Position coding
Previous network models that utilized One-Hot vectors as GCN inputs were unable to consider the relative positional information between words. In contrast to such inputs, the PEGCN model uses the sum of Token Embedding and Position Embedding as input word embeddings, which are sourced from BERT distributed representations6. The input representation of BERT is the sum of Token Embedding, Segment Embedding, and Position Embedding. The introduction of Segment Embedding in BERT is primarily for the next sentence prediction task. As the specific classification tasks in this study all involve single sentences, the Segment Embedding used to distinguish between the preceding and following sentences is considered redundant for this task. Therefore, only the sum of Token Embedding and Position Embedding is used to represent the network input in this study. Specific details are illustrated in Figure 2. The Token Embedding layer converts each word into a fixed-size vector that contains the semantic meaning of the text. In this study, the length and dimension of word vectors are both based on the BERT paper. Each word is converted into a 768-dimensional vector representation. Assuming a sentence length of 128, the sentence is represented as a (128, 768) matrix after the Token Embedding layer.

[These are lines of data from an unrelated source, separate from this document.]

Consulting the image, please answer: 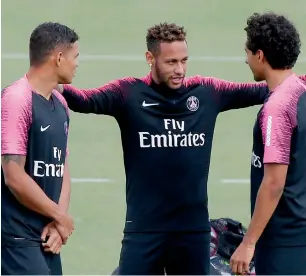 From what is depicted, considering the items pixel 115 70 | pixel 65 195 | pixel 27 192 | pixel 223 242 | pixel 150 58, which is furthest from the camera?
pixel 115 70

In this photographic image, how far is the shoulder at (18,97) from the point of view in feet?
20.0

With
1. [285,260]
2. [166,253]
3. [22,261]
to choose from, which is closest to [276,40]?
[285,260]

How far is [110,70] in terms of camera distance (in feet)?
44.5

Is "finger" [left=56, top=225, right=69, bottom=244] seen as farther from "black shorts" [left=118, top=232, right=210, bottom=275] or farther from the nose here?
the nose

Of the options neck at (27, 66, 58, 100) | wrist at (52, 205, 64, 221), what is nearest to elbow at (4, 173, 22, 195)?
wrist at (52, 205, 64, 221)

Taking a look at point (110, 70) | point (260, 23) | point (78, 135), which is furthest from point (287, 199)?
point (110, 70)

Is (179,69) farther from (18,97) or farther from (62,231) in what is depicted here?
(62,231)

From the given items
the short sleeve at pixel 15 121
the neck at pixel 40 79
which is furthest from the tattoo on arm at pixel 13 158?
the neck at pixel 40 79

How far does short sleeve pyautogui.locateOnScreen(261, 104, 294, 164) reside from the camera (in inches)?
239

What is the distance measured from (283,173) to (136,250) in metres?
1.23

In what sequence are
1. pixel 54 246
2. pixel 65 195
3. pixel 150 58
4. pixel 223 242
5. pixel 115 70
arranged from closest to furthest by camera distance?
1. pixel 54 246
2. pixel 65 195
3. pixel 150 58
4. pixel 223 242
5. pixel 115 70

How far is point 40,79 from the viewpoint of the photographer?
20.7ft

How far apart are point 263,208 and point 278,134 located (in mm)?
Result: 432

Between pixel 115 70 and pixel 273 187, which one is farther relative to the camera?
pixel 115 70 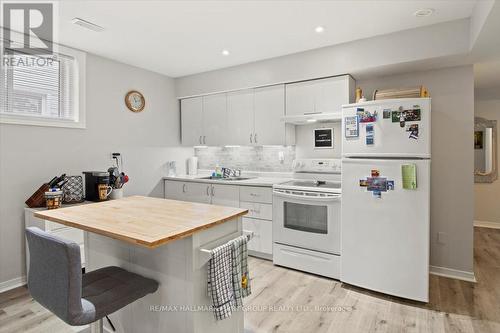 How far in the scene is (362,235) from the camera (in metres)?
2.63

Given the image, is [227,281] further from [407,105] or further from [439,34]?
[439,34]

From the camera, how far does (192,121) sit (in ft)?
14.6

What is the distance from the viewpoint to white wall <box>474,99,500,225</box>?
4.79 meters

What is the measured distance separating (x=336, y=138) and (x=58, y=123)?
3265 millimetres

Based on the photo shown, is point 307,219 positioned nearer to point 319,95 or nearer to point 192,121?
point 319,95

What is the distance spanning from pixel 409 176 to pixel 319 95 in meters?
1.38

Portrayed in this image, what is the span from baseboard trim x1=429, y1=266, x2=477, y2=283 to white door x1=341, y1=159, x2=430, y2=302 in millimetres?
846

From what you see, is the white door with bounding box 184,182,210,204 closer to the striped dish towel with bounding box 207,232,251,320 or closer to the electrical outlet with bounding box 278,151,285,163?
the electrical outlet with bounding box 278,151,285,163

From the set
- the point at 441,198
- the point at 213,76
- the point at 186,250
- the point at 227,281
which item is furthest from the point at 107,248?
the point at 441,198

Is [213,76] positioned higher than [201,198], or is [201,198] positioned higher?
[213,76]

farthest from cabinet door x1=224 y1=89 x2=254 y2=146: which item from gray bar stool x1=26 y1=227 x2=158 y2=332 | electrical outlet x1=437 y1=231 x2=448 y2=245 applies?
gray bar stool x1=26 y1=227 x2=158 y2=332

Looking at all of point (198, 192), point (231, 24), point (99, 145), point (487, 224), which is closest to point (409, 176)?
point (231, 24)

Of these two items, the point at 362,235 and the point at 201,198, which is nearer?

Figure 2. Input representation of PEGCN.
The network will learn a vector representation on each Position of the Position Embedding. The vector representation is coded as the information of the sequence order. The network will judge the relative position relationship of words in the sentence through the offset of each vector. The Position Embeddings layer is essentially a table measuring (128, 768) with the first row (when seen as a vector) representing the first position of the first sequence, the second row representing the second position of the sequence, and so on. The data of each row in this table are randomly generated at the beginning and updated with the training of the network. In the specific training, the network will also consider the batch size of the model batch_size, therefore, the Token Embedding and Position Embedding are represented as the tensor of (batch_size,128,768). When they are added together, the final input representation can be obtained. The word vectors obtained in this manner are used as the input representation for PEGCN document nodes in this study. The node embedding X for the document is represented as a matrix of dimensions ((ndoc+nword) × d), where ndoc represents the number of document nodes, nword represents the number of word nodes, and d represents the dimensionality of the node embedding.